While that gameplay flow may sound similar to It Takes Two, Hazelight is taking much bigger creative swings this time around. The key difference is that each level contains optional side missions that take five to 10 minutes to complete each. These aren’t just extra platforming challenges you can find off-the-beaten path; each one introduces an entirely new mechanic, and sometimes art style, that’s nowhere else in the main story. It’s a lot of creative energy to put into entirely skippable side content, but Fares believes that speaks to the spirit of the studio.
“There’s a freedom at Hazelight. We’re dogs without leashes; we just go crazy,” Fares says. “We have an idea of what the game is. We have a storyboard and what we want to do. But then we have these sessions where we go wild and do different prototypes and see what we can do. It can be whatever. We say ‘that’s cool, that’s cool, that’s cool,’ and then we fit it into the game.”

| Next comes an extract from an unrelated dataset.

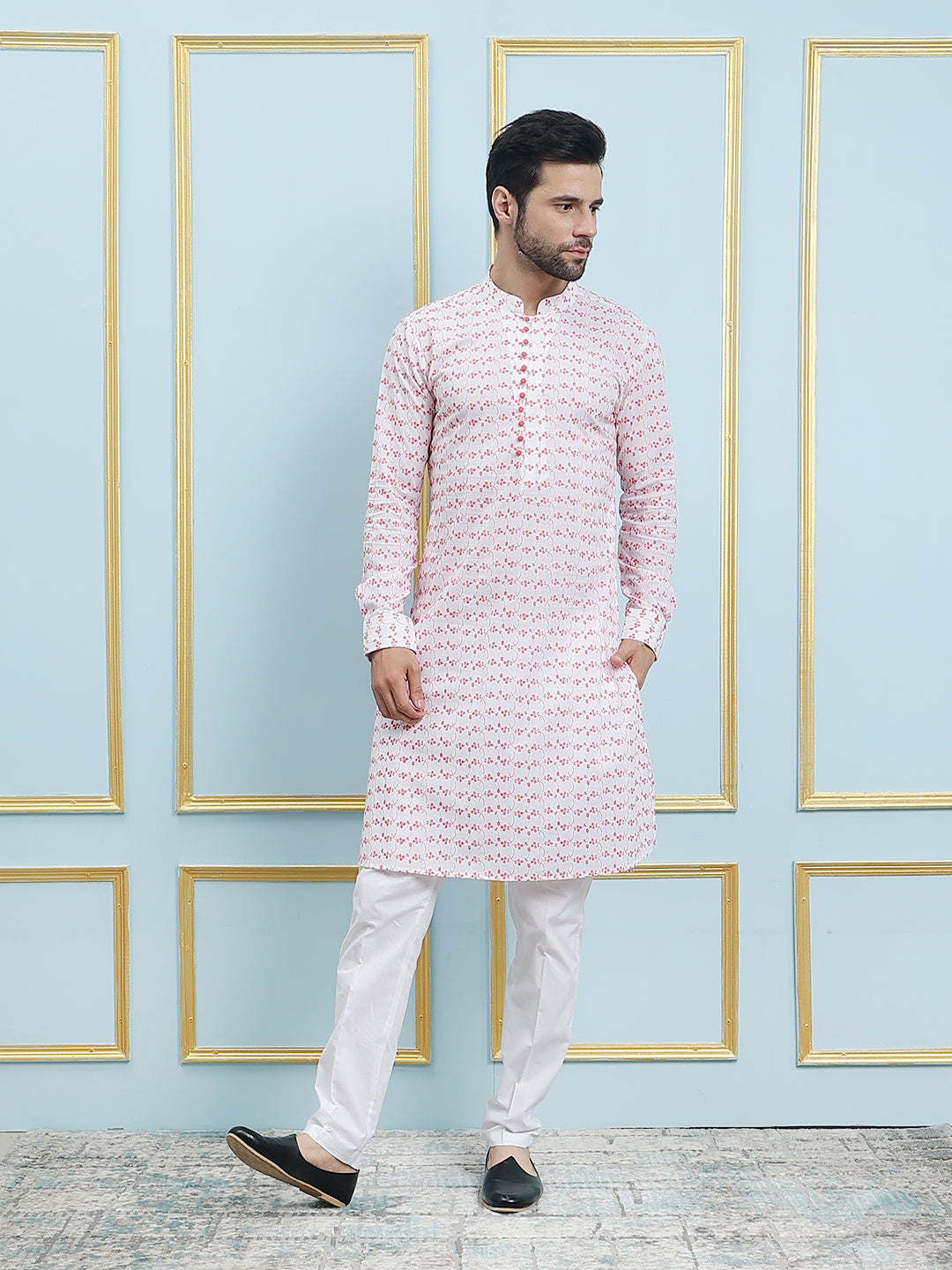 Embroidered Pure Cotton Straight Kurta with Pyjama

Fares tours me through several side missions in our session. In one, we’re both controlling pigs on a farm. When I press the right trigger, my hog farts out rainbows and rockets forward. Another drops us into an SSX-like snowboarding minigame where we compete to see who can rack up the highest score. The most surprising one throws us into a diary page, where we both control 2D pencil doodles and fend off bad guys with nunchucks. Each one I see is entirely unlike the other, making for an entirely unpredictable demo session.
Hazelight even had too many ideas for its own good. Fares tells me that a level was cut just two weeks prior to our session because the team couldn’t get it polished enough. That’s how high the bar is for Hazelight. That quality commitment was apparent in the demo too, which ended with some jaw-dropping technical showcases that players will have to wait to see for themselves. That ambition isn’t coming at a technical cost either, says Fares, who affirms that it will all run at a smooth 60 frames per second at launch.
At the end of it, Fares and I sit down to chat about how the game came together. After It Takes Two, the team immediately got to work on the project after coming up with an idea for Split Fiction’s ending first and working from there. Hazelight’s headcount grew from 60 to 80 in the time between releases. What puzzles Fares, though, is that no other developer tried to do its own version of It Takes Two in the three and a half years Hazelight was toiling away on Split Fiction.
“I’m just surprised considering the numbers we’re doing that not more [games are doing this],” Fares says. “No one was doing it before like we do. You could argue that with a Soulslike game, a lot of people do them and they do pretty well. But I think more people should do games like this, because people want to play it obviously — even if they don’t do it as good as we do, just do it! … I’m not saying that we’re FromSoftware, but we created our own subgenre in a sense.”
Fares sounds sincerely stumped by his own question, eventually asking me why I thought no one else is making a Hazelight-like despite It Takes Two selling 20 million copies. I posit that it might just be a matter of time. With how long game development can be, it can take four years to really see major studios capitalizing on a trend. It’s why we didn’t see big-budget open-world games that looked like The Legend of Zelda: Breath of the Wild until 2020’s Immortals: Fenyx Rising. Fares agrees, confident as ever that games like Split Fiction won’t always be exceptions to the rules.
“We aren’t trying to adapt to the market; we create the market,” Fares says.
Split Fiction launches on March 6, 2025, for PS5, Xbox Series X/S, and PC.